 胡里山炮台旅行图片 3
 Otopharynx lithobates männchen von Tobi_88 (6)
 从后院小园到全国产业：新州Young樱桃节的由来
-.-.-
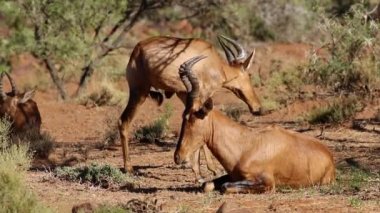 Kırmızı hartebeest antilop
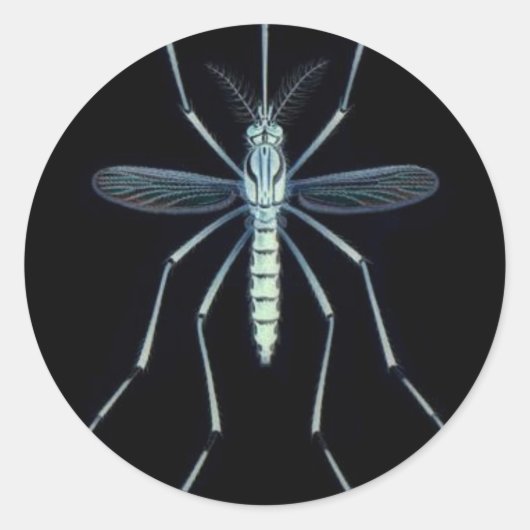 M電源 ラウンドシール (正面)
-.-.-
Required action —
In the material above, find the line containing "Otopharynx lithobates männchen" and the line containing "从后院小园到全国产业：新州Young樱桃节的由来", then write out exactly those two lines and every line between them, and nothing more.

The completed task —
 Otopharynx lithobates männchen von Tobi_88 (6)
 从后院小园到全国产业：新州Young樱桃节的由来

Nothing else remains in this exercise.